Contoh : Ada di dalam karya seni berjenis naturalisme, realime, dan romantisme yang banyak ditemui pada karya-karya abad pertengahan.
B. Simbol Diskursif
Simbol diskursif adalah simbol yang cara penangkapan nya mempergunakan nalar atau intelek, oleh sebab itu disebut juga simbol nalar. Penyampaian hal apa yang akan diungkapkan berlangsung secara berurutan, tidak spontan. Simbol dengan logika modern menganalisis pertanyaan-pertanyaan. Bahasa adalah satu-satunya yang tergolong dalam simbol diskursif, baik itu bahasa sehari-hari (languange of ordinary thought), bahasa ilmu (languange of scientific knowledge) ataupun bahasa filsafat (languange of philosophical thought). Keempat bahasa ini memiliki konstruksi secara konsekuen. Dalam simbol diskursif terkandung suatu struktur yang dibangun oleh kata-kata menurut hukum tata bahasa dan sintaksis. Pengabaian terhadap hukum tersebut menyebabkan kalimat kehilangan maknanya atau tak dapat dipahami, terjadi kekaburan makna.Dalam karya yang mengandung makna simbolik perasaan yang di ekspresikan dalam seni bukanlah perasaan yang asli, melainkan gagasan terhadap perasaan asli tersebut. Seperti video sebagai media audio visual yang menampilkan gerak, semakin lama semakin populer dalam masyarakat kita.
Contoh : Simbol diskursif dalam video clip Tongtolang Sambasunda meliputi musik, syair, dan visual. Karena setiap unsur-unsur tersebut memiliki pola, struktur, dan makna sebagai media ekspresi kreator.
2. Kategori Masyarakat
A. Tari Bedaya (Yogyakarta)
Bedaya (bahasa Jawa latin: bedhaya) yang berarti penari wanita di istana. Adalah bentuk tarian klasik Jawa yang dikembangkan di kalangan keraton-keraton pewaris tahta Mataram. Penari Bedhaya Ketawang mengenakan pakaian pengantin basahan Surakarta.

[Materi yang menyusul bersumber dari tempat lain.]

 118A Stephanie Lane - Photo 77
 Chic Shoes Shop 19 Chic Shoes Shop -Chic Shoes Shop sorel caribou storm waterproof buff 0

Bedaya ditarikan secara gemulai dan meditatif. Tari ini diiringi gamelan yang terdiri atas lima macam berlaras pelog pathet lima, yakni: (1) gendhing (kemanak), (2) kala (kendhang), (3) sangka (gong), (4) pamucuk (kethuk), dan (5) sauran (kenong). Penari nya kebanyakan wanita. Tarian bedhaya sering kali merupakan hasil inspirasi raja mengenai suatu peristiwa tertentu yang disajikan dalam bentuk yang sangat stilistik. Terdapat dua jenis bedaya (bedaya ketawang dan bedaya anglirmendung). Penari bedaya berjumlah sembilan untuk bedaya yang berasal dari Kasunanan Surakarta dan Kesultanan Yogyakarta, sementara untuk bedaya yang berasal dari Kadipaten Mangkunegaran dan Pakualaman berjumlah tujuh.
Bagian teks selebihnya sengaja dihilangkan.